Rendering data
DataSchemer includes small, focused utilities for rendering Python data into readable, YAML-compatible text. These tools are intended for human-facing output: command-line tools, reports, and snippets that users may want to copy directly into configuration files.
The rendering utilities live in render_data.py.
They are not a full serialization system. Instead, they provide:
- stable, predictable formatting
- readable alignment for numeric data
- minimal YAML-compatible syntax
- no implicit I/O or file handling
Design goals
The rendering layer is intentionally conservative.
It aims to:
- produce output that is easy to read in a terminal
- remain valid YAML when pasted into a file
- avoid introducing YAML features that obscure structure
- keep formatting decisions explicit and reproducible
For full serialization, schema validation, or round-tripping, standard YAML libraries should be used instead.
Overview of the API
The public rendering API consists of three main functions:
render_variablerender_arrayrender_mapping
These functions are designed to compose cleanly:
render_variable dispatches to render_array or render_mapping as needed.
render_variable
render_variable(name, value, *, indent=0)

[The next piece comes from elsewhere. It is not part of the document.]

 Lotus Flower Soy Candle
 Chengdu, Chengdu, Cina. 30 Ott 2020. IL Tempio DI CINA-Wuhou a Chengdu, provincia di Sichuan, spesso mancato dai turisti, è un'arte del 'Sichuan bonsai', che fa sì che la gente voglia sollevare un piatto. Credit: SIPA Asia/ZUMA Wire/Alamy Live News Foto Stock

Render a single named variable and its value as YAML-style text.
This is the primary entry point used by DataSchemer command-line tools when emitting results.
Behavior
- Prepends the variable name followed by
: - Delegates rendering of the value based on its type
- Applies indentation consistently
- Produces YAML-compatible output
Example
from data_schemer.render_data import render_variable
render_variable("temperature", 300)
Output:
temperature: 300
Arrays and mappings are rendered on subsequent lines with indentation:
import numpy as np
render_variable("vector", np.array([1, 2, 3]))
vector:
[ 1, 2, 3 ]
render_array
render_array(array, *, indent=0)
Render a one- or two-dimensional array as aligned, readable text.
This function accepts:
- NumPy arrays
- nested Python lists
- array-like objects convertible to NumPy
Formatting rules
- Arrays are rendered using bracket notation (
[ ... ]) - Rows are aligned vertically for readability
- Floating-point values are trimmed of insignificant zeros
- Negative zero is suppressed (
-0.0 → 0) - Output is valid YAML (inline sequences)
Example: vector
import numpy as np
from data_schemer.render_data import render_array
render_array(np.array([0.5, 0.0, 1.0]))
[ 0.5, 0, 1 ]
Example: matrix
matrix = np.array([
[0.5, 0.5, 0.5],
[0.0, 0.0, 0.0],
[0.5, 0.0, 0.0],
])
render_array(matrix, indent=2)
[[ 0.5, 0.5, 0.5 ],
[ 0 , 0 , 0 ],
[ 0.5, 0 , 0 ]]
The formatting prioritizes visual alignment over compactness.
render_mapping
render_mapping(mapping, *, indent=0)
Render a mapping (typically a dictionary) as a YAML-style block.
Behavior
- Keys are rendered in insertion order
- Each key is rendered using
render_variable - Nested mappings increase indentation
- Values may be scalars, arrays, or other mappings
Example
from data_schemer.render_data import render_mapping
import numpy as np
data = {
"positions": np.array([
[0.5, 0.5, 0.5],
[0.0, 0.0, 0.0],
]),
"lattice_constant": 3.905,
}
print(render_mapping(data))
Output:
positions:
[[ 0.5, 0.5, 0.5 ],
[ 0 , 0 , 0 ]]
lattice_constant: 3.905
YAML compatibility
The output produced by the rendering utilities is:
- syntactically valid YAML
- intentionally minimal
- free of tags, anchors, or advanced YAML constructs
This makes it suitable for:
- copy-paste into configuration files
- inclusion in documentation
- inspection in terminal output
However, the rendering layer does not guarantee round-tripping back to the original Python object.
When to use render_data
Use the rendering utilities when you want:
- human-readable numeric output
- stable formatting for CLI tools
- YAML-compatible snippets without full serialization
- consistent array formatting across tools
Do not use them when you need:
- schema enforcement
- automatic file writing
- full YAML feature support
- guaranteed round-trip fidelity
Relationship to SchemaCommandLine
In schema-driven workflows, these functions are typically invoked indirectly.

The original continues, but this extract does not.